The Federal Reserve and every market analyst have been waiting for the job market to cool down a bit so that one of the last bastions of inflation could fall. The June employment picture was a bit cloudier for the first time this year. Though the headline job data again was just about 200,000, which is nothing to sneeze at —the underlying numbers were a bit weaker. For example, the previous two months of gains were revised downward by just over 100,000.
Even one number which showed strength could be interpreted as a weakness. The average hours worked per week was higher, indicating the demand continues. However, often employers expand overtime when they have the need and don’t want to hire additional personnel. Or perhaps they can’t find the workers. Wage inflation was still on the strong side, so this supports the latter theory.

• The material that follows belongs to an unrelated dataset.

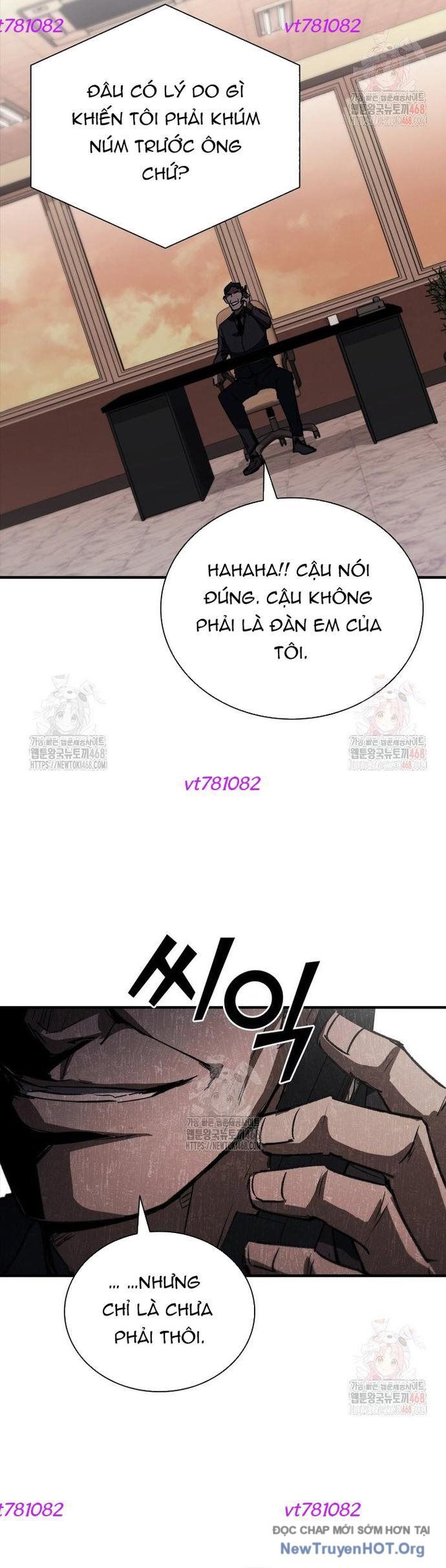 Cá Mập Wyvern Chapter 105 - Trang 2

These “cloudier” numbers made the July report released last Friday even more interesting. How did we do? The economy added 187,000 jobs in July, a decent number – but decidedly less than the average for the first half of the year. The previous two months of gains were revised down by approximately 50,000, making the overall numbers even lower. The headline unemployment rate moved down one tick to 3.5%. The all-important wage inflation numbers came in a bit high at 0.4% for the month and 4.4% annually. All-in-all, this was seen as a softer report, though wage growth will be concerning to the Fed. With no Fed meeting this month, there will be another jobs report before they meet in September.